Il fatto è avvenuto nei giorni scorsi. Dopo aver contattato i genitori per comunicare la non ammissione dello studente alla classe successiva – decisione presa dal Consiglio di classe – la prof si è trovata a fronteggiare prima una reazione verbale molto aggressiva, poi un confronto diretto a scuola, definito “ostile”.
«Non sono solita spaventarmi. Ma dopo aver meditato a lungo sul da farsi, ho deciso di rivolgermi ai Carabinieri per tutelarmi e tutelare chi mi sta vicino», racconta la docente.
E dietro le sue parole c’è più che paura: c’è la consapevolezza che si tratti di un problema sempre più diffuso.
«A me non era mai capitata una circostanza simile, però questo non può essere definito un caso isolato», aggiunge.
La docente descrive un clima scolastico sempre più difficile, dove troppo spesso a venire messi in discussione non sono solo i voti, ma l’autorità stessa degli insegnanti.
«Nelle scuole si assiste ad avvenimenti ai limiti del surreale in cui i protagonisti sono i genitori, che mettono in discussione l’autorità scolastica e le competenze dei docenti e prendono le parti dei figli anche di fronte all’evidenza, alle insufficienze dovute alla mancanza d’impegno o ai rimproveri dettati da comportamenti irrispettosi dell’alunno nei confronti degli insegnanti o della classe. Qualsiasi cosa accada è sempre colpa del docente. E questo, nonostante gli sforzi quotidiani degli istituti nell’affiancare i ragazzi e aiutarli per qualunque tipo di difficoltà, anche offrendo loro numerose possibilità di migliorare il proprio rendimento scolastico».

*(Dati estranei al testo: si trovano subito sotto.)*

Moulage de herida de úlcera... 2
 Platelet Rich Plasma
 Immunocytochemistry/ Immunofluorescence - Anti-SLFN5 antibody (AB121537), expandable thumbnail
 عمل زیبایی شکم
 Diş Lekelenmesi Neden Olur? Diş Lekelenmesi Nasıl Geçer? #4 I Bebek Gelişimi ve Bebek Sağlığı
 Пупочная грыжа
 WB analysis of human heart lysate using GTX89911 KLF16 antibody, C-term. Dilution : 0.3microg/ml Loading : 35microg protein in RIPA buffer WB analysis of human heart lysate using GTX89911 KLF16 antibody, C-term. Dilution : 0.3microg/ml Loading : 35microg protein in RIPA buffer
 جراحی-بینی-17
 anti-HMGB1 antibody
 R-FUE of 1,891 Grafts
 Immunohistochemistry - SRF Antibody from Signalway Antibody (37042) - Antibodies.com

Il suo sfogo è lucido, diretto, e lascia poco spazio a interpretazioni. Secondo la professoressa, la responsabilità della scuola viene sempre più negata:
«Se l’alunno non studia, per i genitori la colpa è del docente che “non sa stimolarlo“. Se uno studente torna a casa dicendo che il compito in classe era troppo difficile, la mamma o il papà non chiama per chiedere un chiarimento sul programma, ma per avvisarci: “vengo con il mio avvocato“. Cercano di trovare un colpevole altro. Noi insegnanti non siamo perfetti, ma la scuola non può essere considerata un capro espiatorio per tutto ciò che non va».

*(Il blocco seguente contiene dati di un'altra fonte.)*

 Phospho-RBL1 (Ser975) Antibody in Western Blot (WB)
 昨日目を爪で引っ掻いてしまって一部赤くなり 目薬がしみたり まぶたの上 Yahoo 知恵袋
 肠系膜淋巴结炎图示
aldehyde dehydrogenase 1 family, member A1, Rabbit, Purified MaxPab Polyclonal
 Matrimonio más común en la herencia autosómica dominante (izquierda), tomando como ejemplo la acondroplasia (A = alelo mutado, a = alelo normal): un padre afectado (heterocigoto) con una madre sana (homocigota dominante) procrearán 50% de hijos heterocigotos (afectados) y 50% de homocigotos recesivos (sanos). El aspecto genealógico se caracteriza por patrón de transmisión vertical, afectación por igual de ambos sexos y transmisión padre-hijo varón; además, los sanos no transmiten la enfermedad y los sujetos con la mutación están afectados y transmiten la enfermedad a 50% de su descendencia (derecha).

Pur evitando di fare di tutta l’erba un fascio, la docente sottolinea che questa tendenza si sta diffondendo sempre di più, specie dopo il Covid:
«Generalizzare non sarebbe possibile né corretto nei confronti della maggioranza delle famiglie che collabora attivamente con la scuola per il successo educativo dei ragazzi. Ma è indubbio che questa tendenza si stia verificando sempre più spesso negli ultimi anni e che la situazione sia peggiorata dopo la parentesi della pandemia».
Infine, la sua riflessione più amara riguarda il cambiamento radicale nei rapporti con le famiglie. Un tempo, racconta, i genitori chiedevano prima di tutto se il proprio figlio si comportava bene in classe. Ora, sembra conti solo il voto, spesso da impugnare.
«Io insegno dagli anni Novanta, e risale ad almeno vent’anni fa l’ultimo incontro con un genitore che mi abbia chiesto, oltre ai giudizi ottenuti da suo figlio nella mia materia, anche dell’atteggiamento mantenuto dal ragazzo in classe, se si comportasse secondo le regole e fosse rispettoso di tutti».
La scuola fa fatica oggi a essere riconosciuta come un’istituzione educativa, un tempo considerata pilastro della comunità.